Um bom investigador tem de ser curioso, meticuloso e resiliente. Não se pode deixar abater quando não há resultados, até porque a falta de resultados também é um resultado e faz parte do processo de aprendizagem.

 

E o processo de aprendizagem requer tempo …

Sem dúvida, e tempo é aquilo que, hoje em dia, temos pouco. A vida corre a um ritmo demasiado acelerado. Um professor tem de saber parar para perceber o tempo dos seus alunos. Ninguém aprende com pressa. Para se absorver e interiorizar o conhecimento é preciso tempo.

 

Qual é a melhor parte de se ser professora?

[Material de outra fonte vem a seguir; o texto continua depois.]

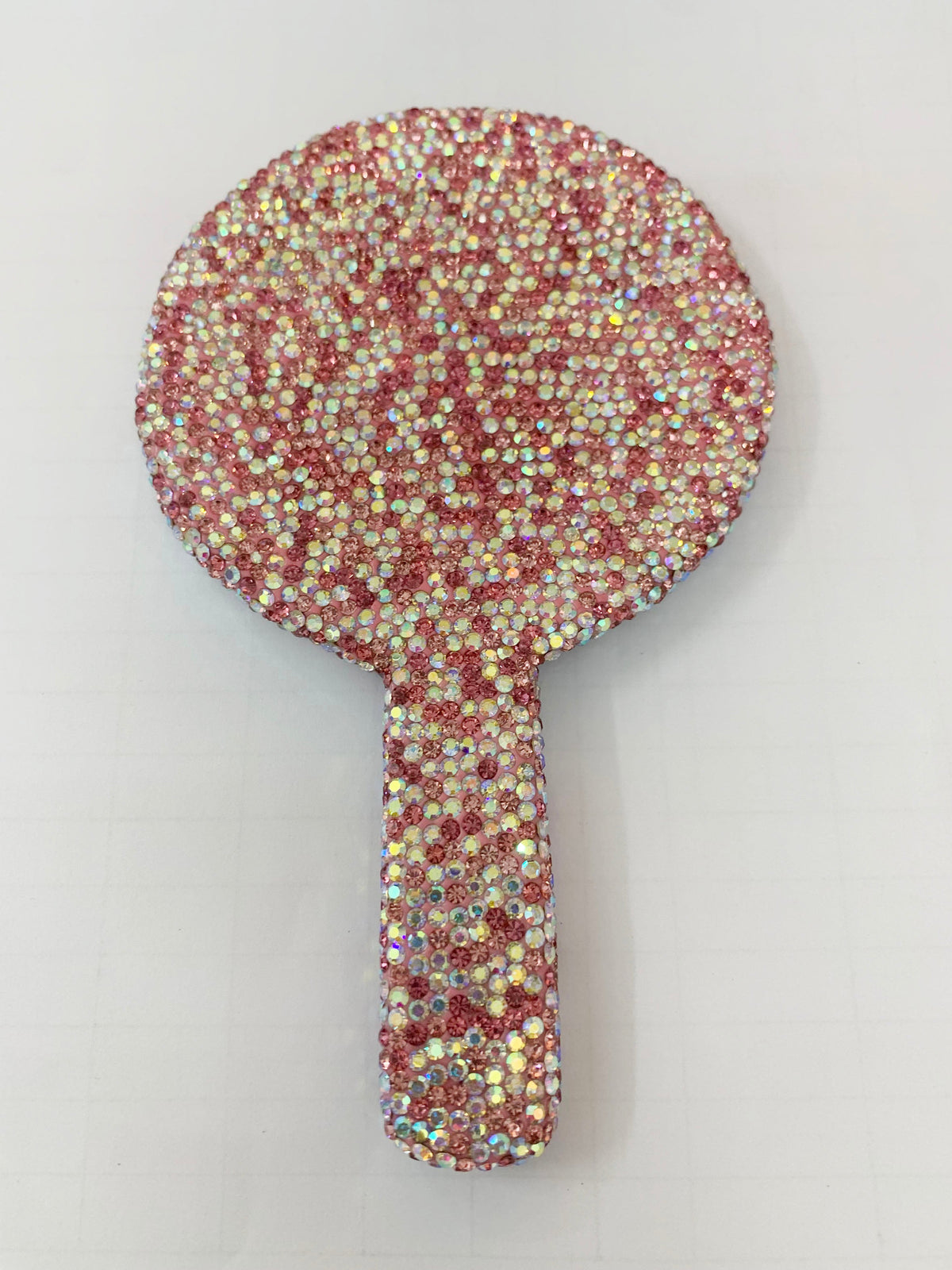 Circle Ceramic Rhinestone Hand Mirror M0436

Ensinar é muito gratificante. Não há nada como ver os alunos crescer e a atingirem os seus sonhos.

 

“Quem não tem confiança no seu trabalho nunca vai conseguir persistir.”

 

Sempre quis dar aulas?

Ser professora acompanha-me desde que comecei a trabalhar no laboratório. É uma dimensão que não desligo da investigação. Aliás, contrariamente ao que se pensa, um bom investigador é um bom comunicador. Um bom investigador tem vontade de comunicar conhecimento. Para que serve um investigador que guarda para si a informação? Para nada. Desde cedo que dou aulas, porque sempre foi um prolongamento natural daquilo que faço em laboratório.

 

Enquanto investigadora, como é que gere a frustração de nem sempre atingir os resultados que queria?

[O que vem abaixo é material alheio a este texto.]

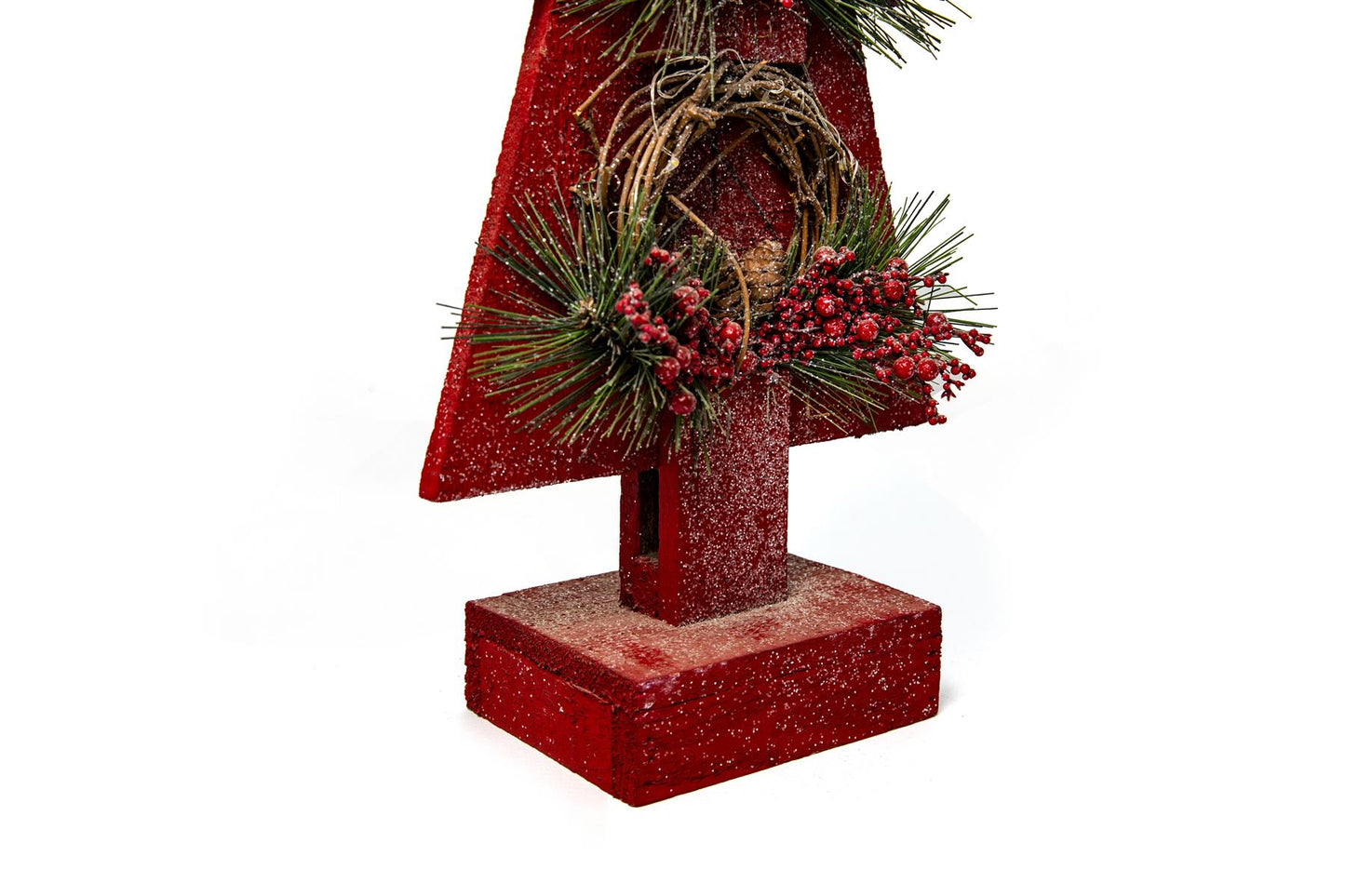 Red Wooden Tree with Bulbs - 25x10x80cm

Durante o meu doutoramento, estive anos a fazer a mesma coisa, sem ter resultados. A verdade é que nunca me senti abatida. Sou uma otimista por natureza, confesso. Mas até diria que a falta de resultados pode ser muito motivadora... Quanto menos resultados tenho, mais vontade tinha de os atingir e de trabalhar por eles. No fundo, eu sei que o resultado está ali. Simplesmente, ainda não cheguei lá. É aqui que entra a resiliência que falámos há pouco. A resiliência é a capacidade de continuar a trabalhar mesmo sem resultados.

 

A resiliência trabalha-se?

Claro que sim. Trabalha-se, dando confiança. Porque quem não tem confiança no seu trabalho nunca vai conseguir persistir.

 

O que é que gosta de fazer nos tempos livres?

Gosto de andar a pé na praia, gosto de fazer desporto e de estar com a família e amigos. Gosto muito de cozinhar.

 

A cozinha é um verdadeiro laboratório … Que influências tem a sua cozinha?

A cozinha é um importante laboratório da minha vida (risos). A minha cozinha é fundamentalmente portuguesa, mas também tem influências orientais e indianas. Quando estava nos Estados Unidos, fazia comida chinesa e mexicana. Gosto de variar e de criar.